I do agree with you and have always admired your ability to have such a clear perspective on step life.   I just haven't' reached that perspective yet lol, I would let my DH struggle and have a flashy new car get repoed, which is why I still have a long road of growing.  

caninelover's picture

Its great that he is getting similar perspectives from other people.  Though I doubt it will change his behavior.

I think it is good that you go to manage the transaction but it is also good that he knows you're doing it for him and not for SD.

Good luck and I hope this is all over soon.

CajunMom's picture

I'm fully disengaged so I know where you are but this will impact your home's finances. I'd be present and make sure she got the cheapest car on the lot. And I'd put it in her name so no legal liability on you if she chooses to drive without insurance again. And I'd be clear...conflict causing or not....this is the LAST vehicle.

And to think I'm going to be 60 in a few weeks. LOL

 

JRI's picture

We went to pick up SD,  I called when we got there but no answer.  So DH went to the door and eventually they came out and we left for the tow yard.  SD's phone wasn't working off and on so she spent the entire time messing with it or talking to people when she could get it to work.  She's mad to her daughter, C, who hasn't been answering and suggested to C's BF to call the police for a welfare check but I know why C isn't answering.

The title will be required to get the salvage $ and I had noticed that the previous lienholder had not released the lien (SD got a car title loan 2 yrs ago, the car was repo'ed and DH had to repay the loan).  I told her about this last week but she said, "Maybe they don't need it, let's try that first".  So, today we learned that yes, they do need a release.  But she was able to retrieve her personal items and tell the tow guy all her problems.  I called the finance company and got the release going.

DH suggested that we go car shopping.  SD first said no, she was tired and had a dr's call this afternoon but on second thought, decided to go, I said I'd go home.  We decided to have lunch, then DH would drop me off and they would go car shopping.  This morning, DH had called our neighbor,  a retired man who had been in that field.   Neighbor gave him the name of a contact at a local dealership.  

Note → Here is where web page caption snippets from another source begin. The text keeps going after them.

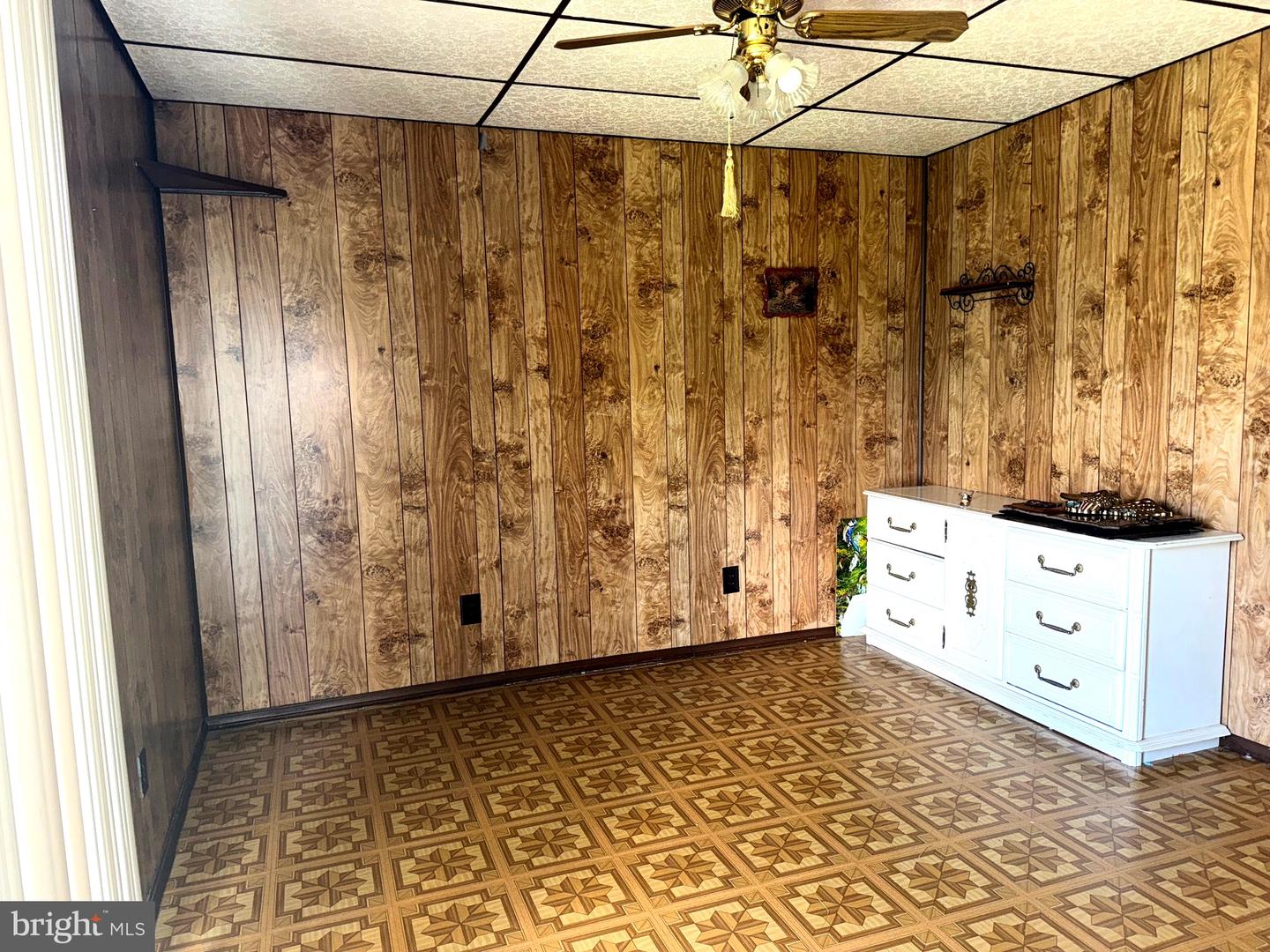 457 TEA BERRY RD, MAURERTOWN, Virginia 22644, 3 Bedrooms Bedrooms, ,1 BathroomBathrooms,Residential,For sale,457 TEA BERRY RD,VASH2011968 MLS # VASH2011968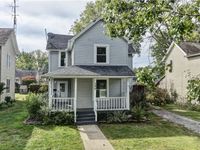 home photo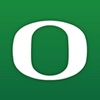 UOregon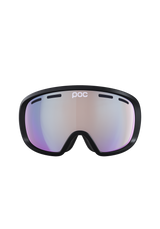 poc-brilles-fovea-photo-widefit-uranium-black-w-changable-sky-blue-c1-3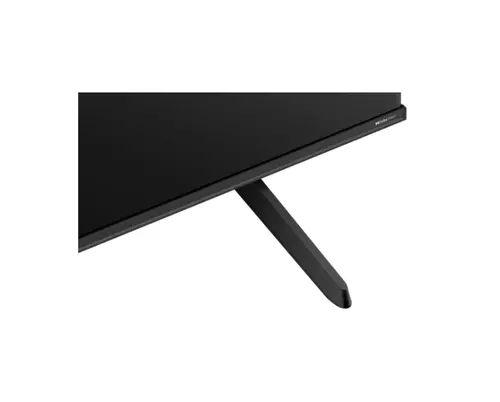 Телевизор, Hisense 55" A6N, 4K Ultra HD 3840x2160, DLED, DFA, Precision Colour, HDR 10+, HLG, Dolby Vision, DTS Virtual X, Smart TV, WiFi, Light Sensor, 1xHDMI2 eArc, 2xHDMI, 2xUSB, LAN, CI+, DVB-T2/C/S2, Black - image 5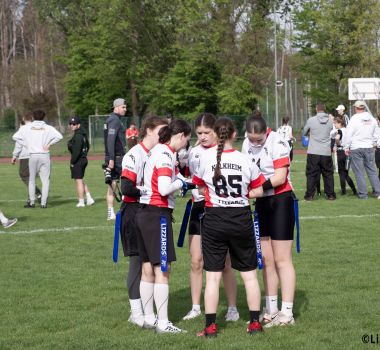 DSC_2865.jpg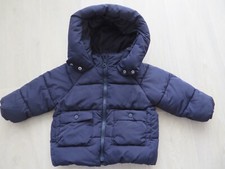 Neuwertige ZARA  Mädchen,Baby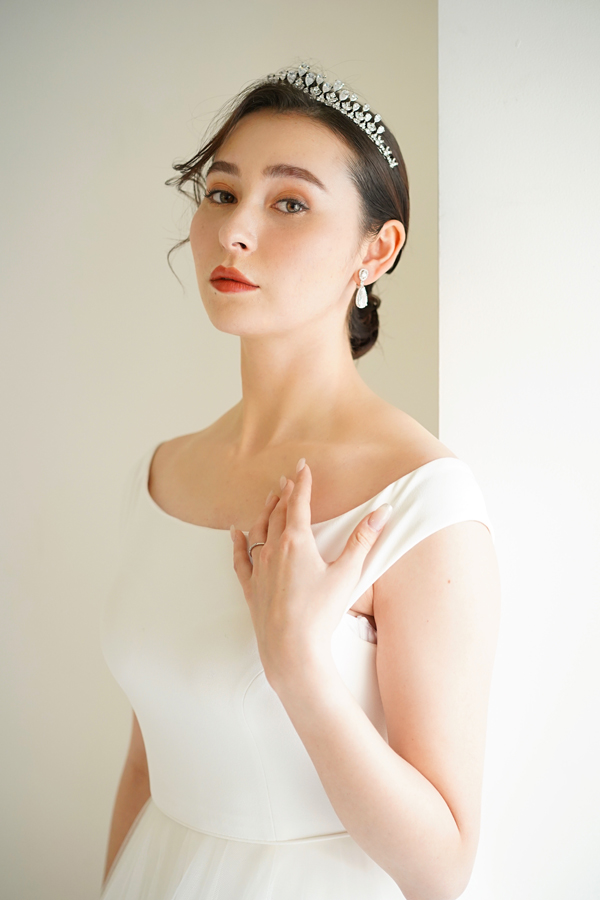 JULIEBRIDAL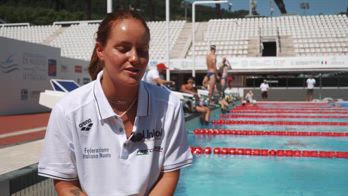 INTV PELLACANI TUFFI BREVE_0555869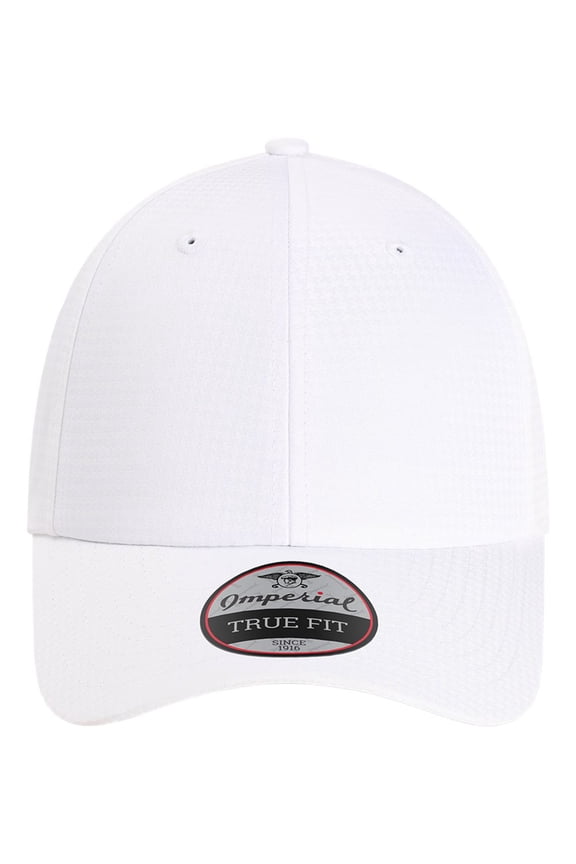The Sophisticate Cap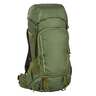 Kelty Asher 55 Liter Backpack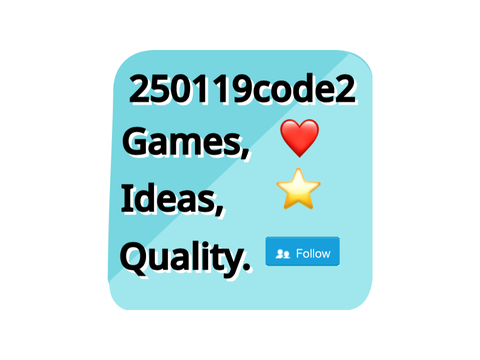 Pfp contest entry 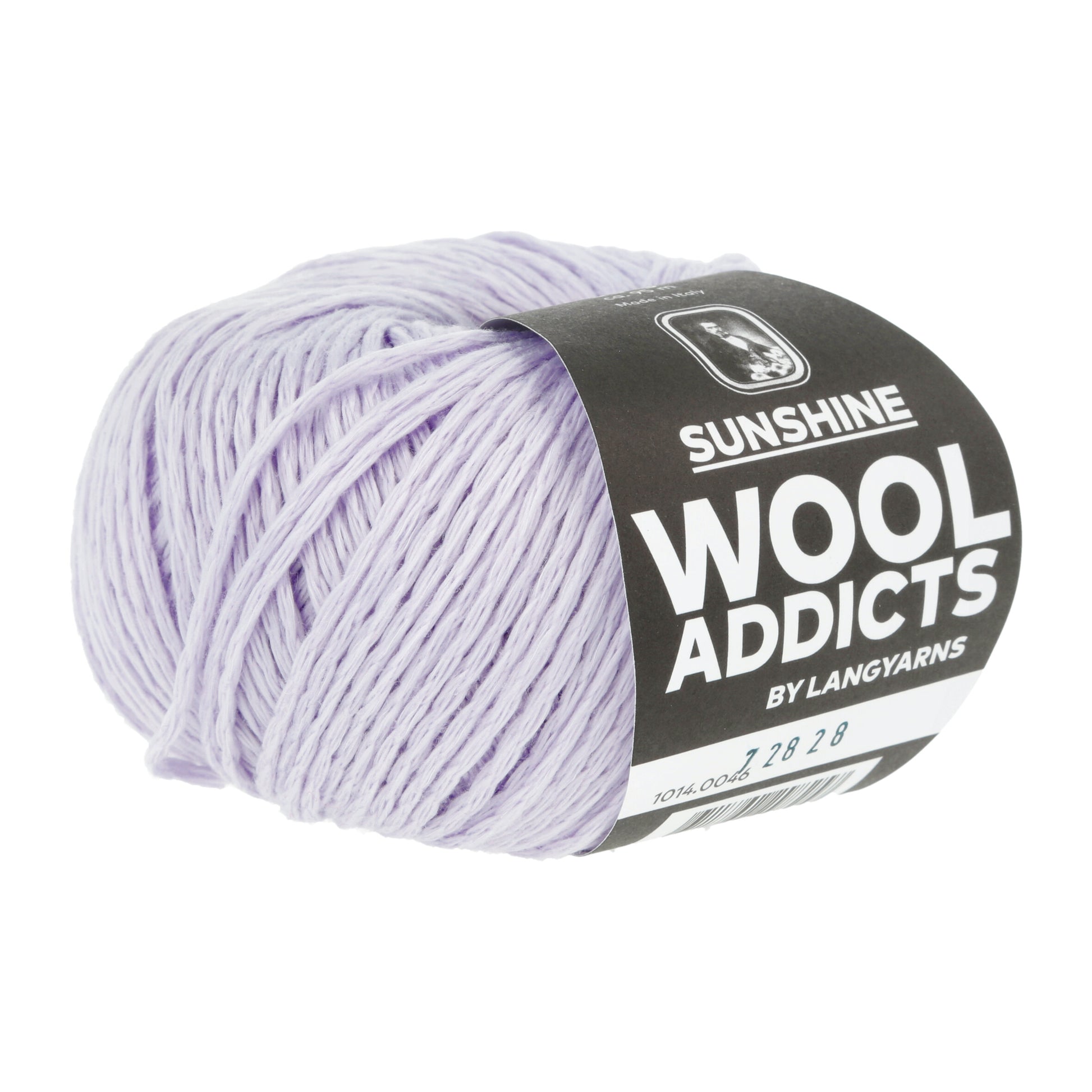 1014_0046_LANGYARNS_Sunshine_3_Print.jpg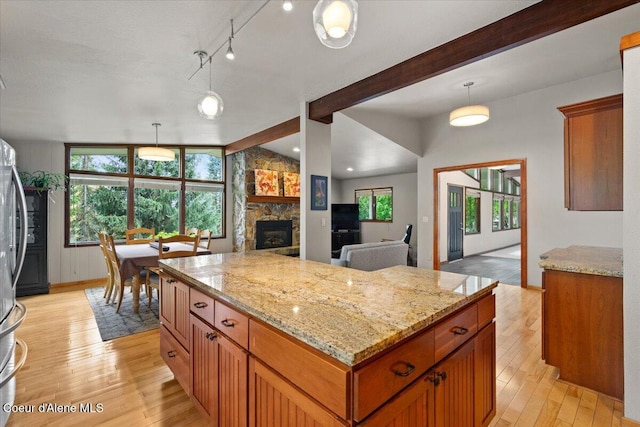 2207 E Crestline Dr, Coeur Dalene, ID 83814 - photo 23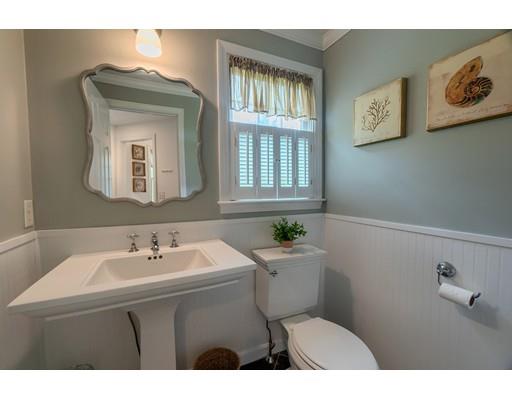25 Houghton Road Princeton, MA 01541 - Photo 15 of 30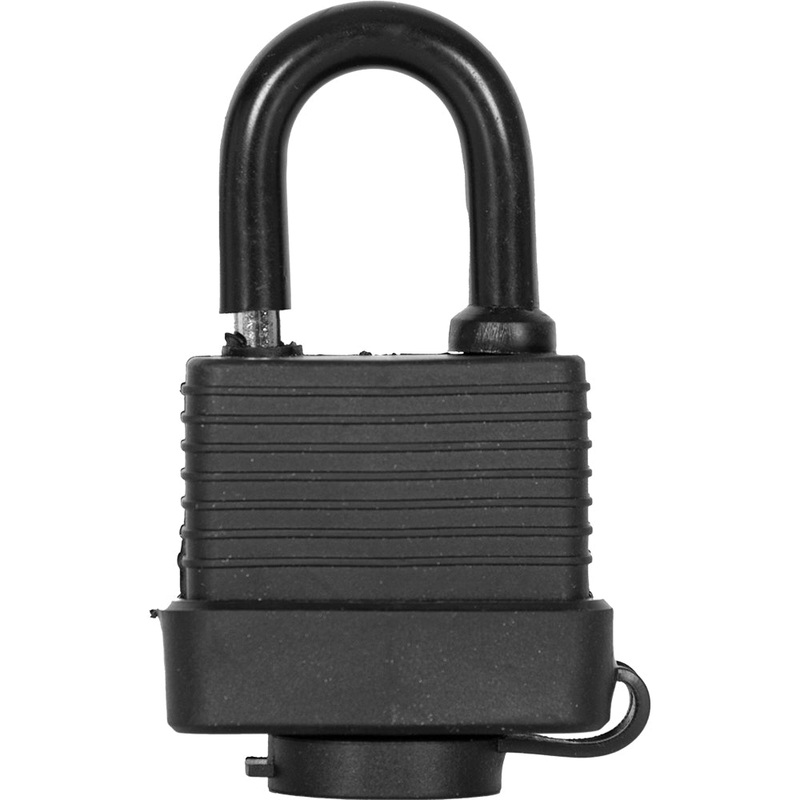 Dynamic Discs Weather Resistant Basket Lock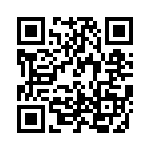 UB15NBKW01N-E QRCode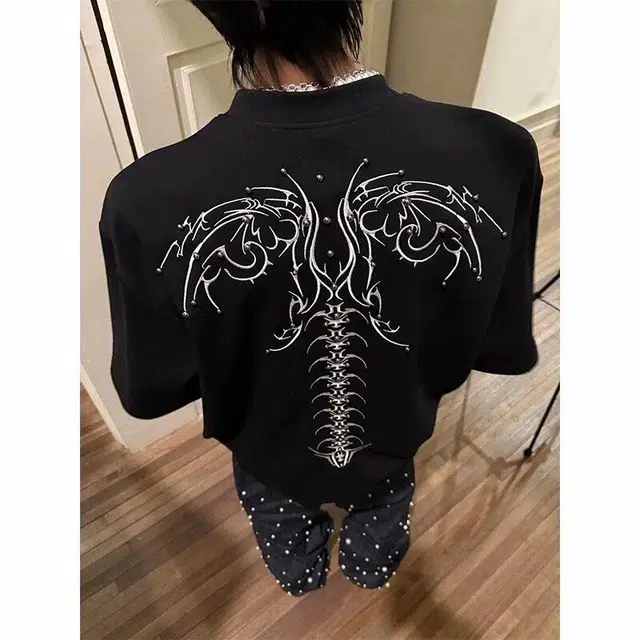 VPDP T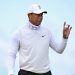 Lenda do golfe, Tiger Woods deve mudar versão sobre acidente de carro em que estaria embriagado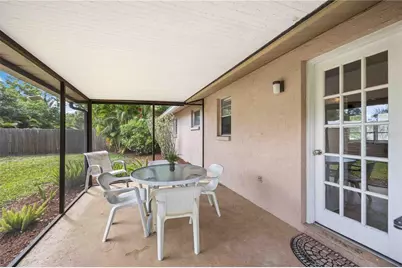 131 Dartmouth Road, Venice, FL 34293 - Photo 28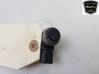 Parkošanās sensors PDC 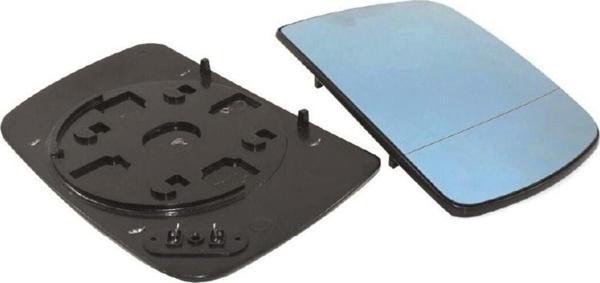 Wender Parts Bmw X5 E83 Ayna Camı Asferik Sağ 2003-2009 - Image 1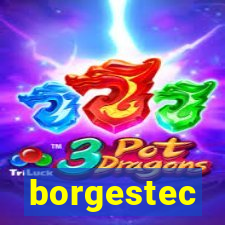 borgestec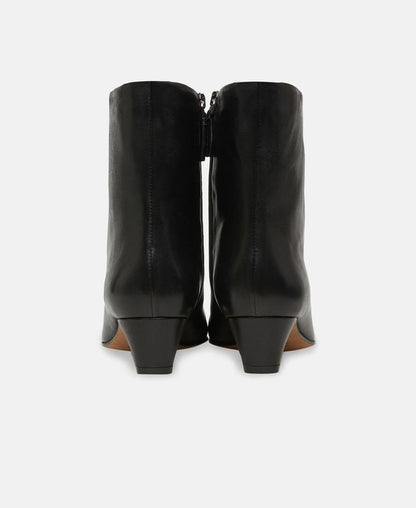 Stiefeletten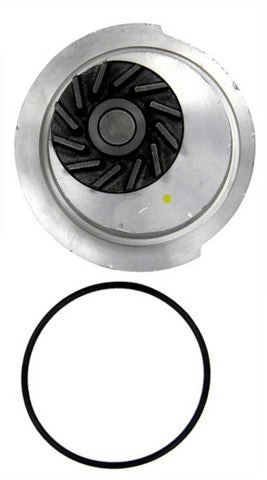 GMB Engine Water Pump  130-1460
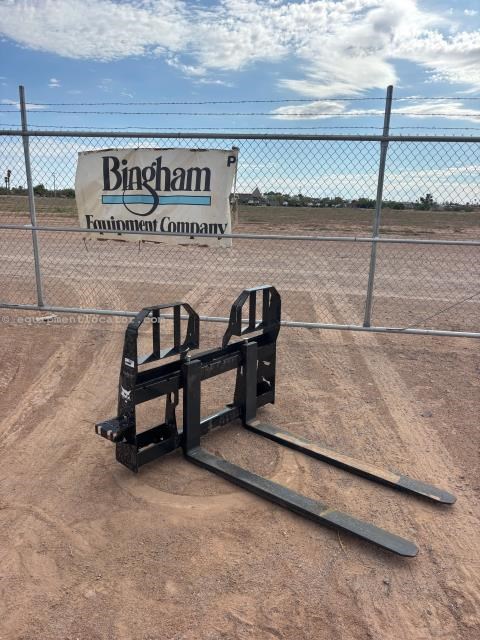 2025 Bobcat FRKFM-HD Image 2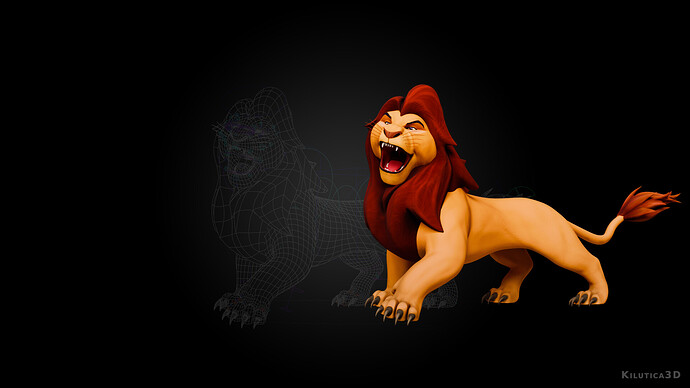 lion_render_05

At the fast food place, SD tried to reschedule the nurse practitioner call but Google couldn't put her thru.  I dialed it on my phone and she got on.  DH is so proud of all we accomplished today (??) and thanked me repeatedly but I told him she is so very confused.  The Drs office put her on hold and she was on hold at the restaurant and all the way home.  She had asked to borrow some gloves so when we got home, I said, "I'm going to get the gloves but when I come out, I'll need my phone".  DH sensed that I was aggravated so they came in and he said they'd wait til the call was over.  SD said, can't I take it with me?  I said, no I need MY phone.  She started to raise her voice and said, I need MY phone, too.  Luckily, the nurse came on then and she finished up and went outside.

I told DH that she will need 3 things when we go for registration.  My experience with her recently is she needs to be told things early and repeatedly so I told him, remind her she will need 1) both license plates, 2) personal property tax receipt and 3) proof of insurance.  He said, you tell her so I went out and did.  More fumbling thru the bag of retrieved stuff, finally we have both license plates.  She "thinks" she has the tax receipt at home (doubtful) and can't call about insurance til we know what the car will be.  She had hinted at being put on ours and DH said no, even if it were possible.

Oh, and one more thing, we owe $150 for the tow.  I suggested this be paid from the salvage $ but got a dirty look.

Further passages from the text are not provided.